» DATA PROVIDED:
"""
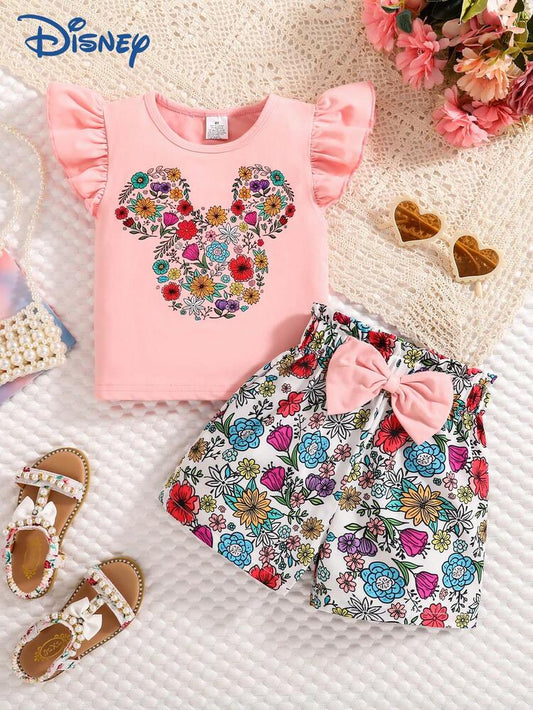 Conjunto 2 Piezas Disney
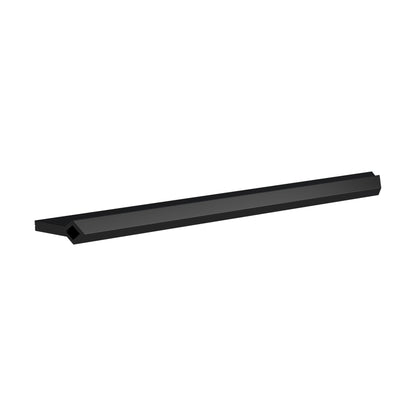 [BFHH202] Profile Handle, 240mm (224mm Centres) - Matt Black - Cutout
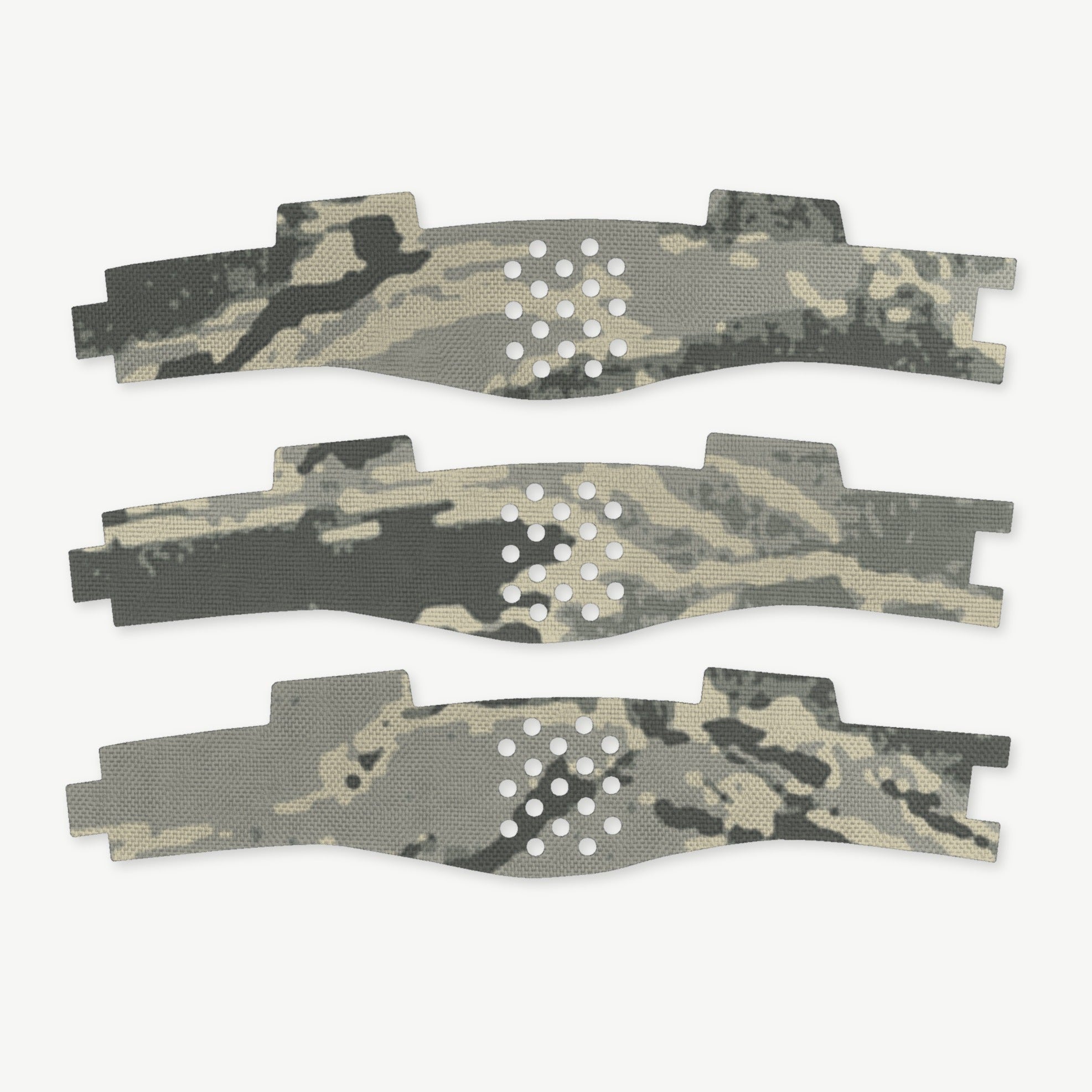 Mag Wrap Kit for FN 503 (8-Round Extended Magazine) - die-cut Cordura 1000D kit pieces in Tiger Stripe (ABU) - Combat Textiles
"""
Repeat the listing above exactly, with no pictures.

 Conjunto 2 Piezas Disney
 [BFHH202] Profile Handle, 240mm (224mm Centres) - Matt Black - Cutout
 Mag Wrap Kit for FN 503 (8-Round Extended Magazine) - die-cut Cordura 1000D kit pieces in Tiger Stripe (ABU) - Combat Textiles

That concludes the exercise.